The servers are essentially yours, and Forge only managed specific things. Software upgrades are not one of them :D

This is one area where knowing a bit more about the configuration can help!

My book covers PHP-FPM's www.conf pretty extensively.

In my case, I would let the script install the updated version. Then I would go back and re-change the www.conf file as Forge makes it - likely by checking out a forge server that is not updated and comparing it (spinning a new one up just to see).

Possible (likely?) changes in the www.conf file made by Forge to check out:

  • Changing the user/group that PHP is run as to "forge" rather than "www-data"
  • Changing the listen directive to a TCP socket (e.g. 127.0.0.1:9000) over a Unix socker (e.g. /var/run/php-fpm.sock)
  • If using a Unix socket (file path), it will also have a user/group setting, which is likely also set to "forge" rather than "www-data"

Updates in general:

Updates are not really a "solved problem" in any hosting environment.
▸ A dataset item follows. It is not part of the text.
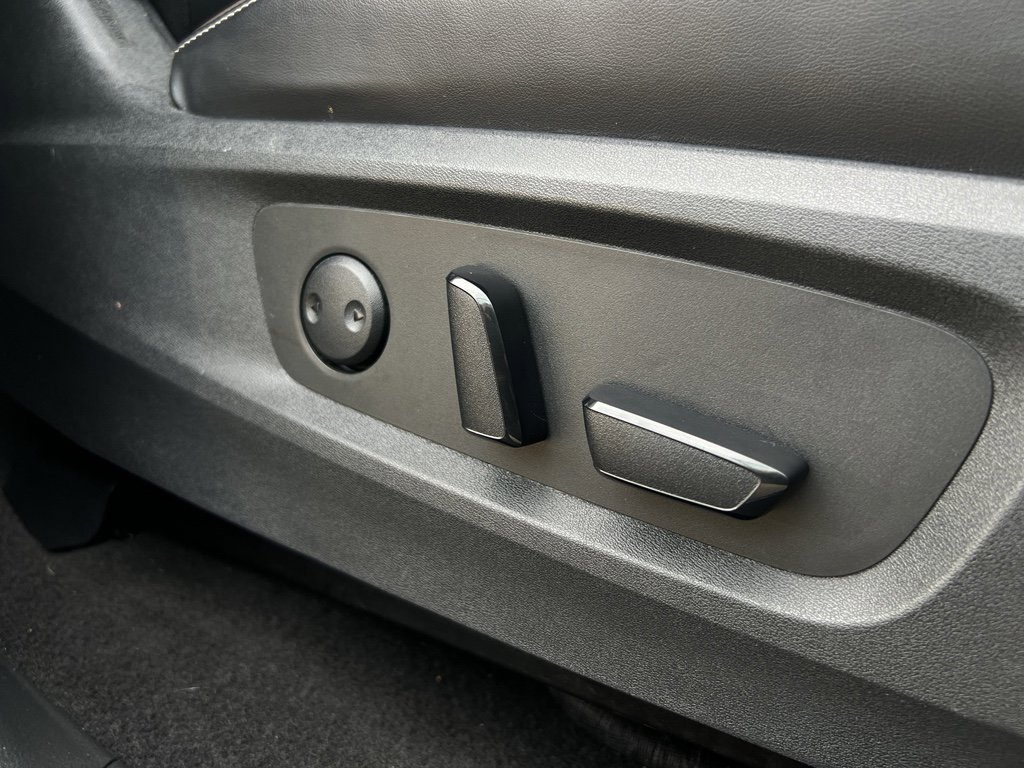 Used 2023 Nissan Pathfinder Platinum image 26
A classic approach is to have a test/stage server around where you can run updates and see what breaks. A more modern approach is a "read only" server, in which you avoid writing files that need to be saved (including using a sep. server for a database) and then just re-provision a new server for any change - software or application updates. Then delete the old server, assuming the new one is up and running.

The latter typically requires a decent amount of automation. Using Linode and their Node Balancer with Forge might allow you a good middle-of-the-road approach for that, where you spin up a new server, add application deployment, and then add it to the nod balancer before removing the old server. (Forge doesn't manage the linode node balancer, you'd have to do that a bit yourself in Linode's control panel).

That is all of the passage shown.